In Phoenix, Ariz., pro-union barista Tyler Gillette told Business Insider his hours were cut in half: “I’m at the point where this job is causing my mental health to be at such a low point… I wasn’t able to pay rent this month. I’m gonna be homeless because Starbucks is royally screwing me over.”
STARBUCKS FIRES UNION ACTIVISTS
Laila Dalton, a former employee who was fired for her pro-union organizing, told Jacobin she was given a warning when she did not count the number of times she shook a tea, which apparently is supposed to be shaken exactly ten times. “Then they ended the day saying things like, ‘You better not do that again.’ It’s said in a somewhat joking way, but the truth is you can’t really tell.”
The National Labor Relations Board (NLRB) is now filing a retaliation lawsuit to reinstate Dalton and two other Starbucks workers in Arizona. Seven employees fired from a store in Memphis, Tenn., have said they intend to file an NLRB complaint.

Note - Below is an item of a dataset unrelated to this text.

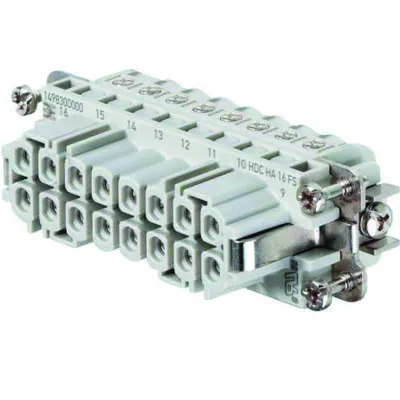 Weidmüller Kontakteinsatz HDC HA 16 FS | Buchse | 16-polig | Schraubanschluss | 16A 250V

On April 29, some of these employees held a press conference in front of the penthouse of Howard Schultz, the Starbucks CEO who stepped down in 2018 for a Presidential run but was rehired last March. During his tenure, the company successfully beat down earlier efforts at unionization.
While holding a sign naming Schultz “union-buster-in-chief,” former Memphis barista Beto Sanchez spoke to Left Voice: “Of course people like Howard Schultz are not gonna want a union because they’re not underneath the conditions that need a union. Of course he’s never gonna have to deal with staffing. He’s never gonna have to deal with scheduling issues. He’s never gonna have to deal with working in an unsafe working environment.”
Starbucks bosses may or may not find successful tactics that will allow them to finally get ahead of the growth of this latest movement among their employees. However, the memory of working together to improve the conditions of work will not be easily forgotten.